The tools that exist force designers to translate their work into engineering language. Designers end up maintaining a shadow system in Figma comments, Slack threads, and personal notes. Design managers lose visibility into where projects actually stand. Context gets fragmented across three or four apps.
The Thinking
The core insight was separating two concepts that every PM tool conflates: where a project is conceptually and what's happening tactically. A project's phase (Research, Explore, Design, Iterate, Review, Handoff) represents the former. Task statuses (To Do, In Progress, Feedback, Done) represent the latter. They move independently.
I also knew that designers wouldn't adopt another standalone tool unless it connected to what they already use. That meant real integrations with Linear, Figma, and Jira from day one. Updates from all three feed into a single Recent Progress view so you see everything in one place without opening three browser tabs.
The navigation model follows the same philosophy: fewest possible top-level elements, expanding as you drill deeper. A side-sheet stack with breadcrumb navigation lets you move from overview to project to task to artifact without losing your place. Closing a panel returns you exactly where you were.
The Design
Design phases. Each project carries a phase badge (Research through Handoff) with its own color. Phase transitions are logged with timestamps, creating a full history of how work progressed. Moving into Review automatically creates a feedback artifact so critique notes are captured in context.
Tasks and blockers. Tasks live inside projects with a four-status flow. Each task can carry blockers (a waiting-for checklist), due dates, and attached artifacts. The Today view surfaces everything due or overdue, plus any tasks with unresolved dependencies. The board supports list and kanban views with drag-and-drop.
Artifacts. Design work generates context that PM tools throw away: research findings, competitive audits, decision logs, Figma files.
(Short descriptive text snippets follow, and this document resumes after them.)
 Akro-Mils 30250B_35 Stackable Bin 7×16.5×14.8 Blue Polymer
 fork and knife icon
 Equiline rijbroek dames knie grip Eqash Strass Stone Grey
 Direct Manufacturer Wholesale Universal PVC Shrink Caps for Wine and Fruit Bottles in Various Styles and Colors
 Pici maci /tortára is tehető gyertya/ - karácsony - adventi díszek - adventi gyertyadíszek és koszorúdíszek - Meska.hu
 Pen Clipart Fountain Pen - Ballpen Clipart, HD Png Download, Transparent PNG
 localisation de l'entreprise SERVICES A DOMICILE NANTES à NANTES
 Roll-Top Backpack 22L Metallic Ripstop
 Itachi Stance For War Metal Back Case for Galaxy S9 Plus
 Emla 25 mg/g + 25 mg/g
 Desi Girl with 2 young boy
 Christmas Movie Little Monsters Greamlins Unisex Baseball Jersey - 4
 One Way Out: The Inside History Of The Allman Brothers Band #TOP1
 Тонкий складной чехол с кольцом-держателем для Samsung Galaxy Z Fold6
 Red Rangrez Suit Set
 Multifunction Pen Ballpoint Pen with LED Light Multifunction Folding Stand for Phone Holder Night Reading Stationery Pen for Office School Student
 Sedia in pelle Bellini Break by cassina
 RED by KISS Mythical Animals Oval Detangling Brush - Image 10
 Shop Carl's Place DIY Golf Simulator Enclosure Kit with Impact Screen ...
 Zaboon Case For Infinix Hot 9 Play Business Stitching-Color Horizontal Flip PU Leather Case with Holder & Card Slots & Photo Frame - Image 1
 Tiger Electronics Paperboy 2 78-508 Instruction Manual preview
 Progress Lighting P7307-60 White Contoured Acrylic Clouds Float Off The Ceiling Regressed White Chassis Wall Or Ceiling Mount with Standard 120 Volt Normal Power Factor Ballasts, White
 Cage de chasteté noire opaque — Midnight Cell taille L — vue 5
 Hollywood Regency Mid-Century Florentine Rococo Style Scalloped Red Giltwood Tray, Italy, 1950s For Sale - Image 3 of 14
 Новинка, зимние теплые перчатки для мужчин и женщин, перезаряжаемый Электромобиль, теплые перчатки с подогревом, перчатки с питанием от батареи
Hierarch treats these as first-class objects with ten resource types. Figma URLs attached to tasks automatically sync as attachments in Linear, keeping design context connected across tools.
Integrations. Linear syncs issues through OAuth with automatic token refresh and webhook signature verification. Figma captures file comments and mentions via webhooks stored with a GIN index for fast lookup. Jira routes through a serverless proxy to handle CORS. All three feeds appear in the Recent Progress panel on the overview dashboard.



Capacity Planning
Design managers need to see where work stands across projects without asking for status updates. Hierarch's capacity view shows every project on a timeline with translucent range bars and task due-date dots for visual density analysis. The view auto-scrolls to today, starts one month in the past for context, and lets you scan weeks of workload at a glance. When a bar is packed with dots, that week is overloaded. When it's empty, there's room.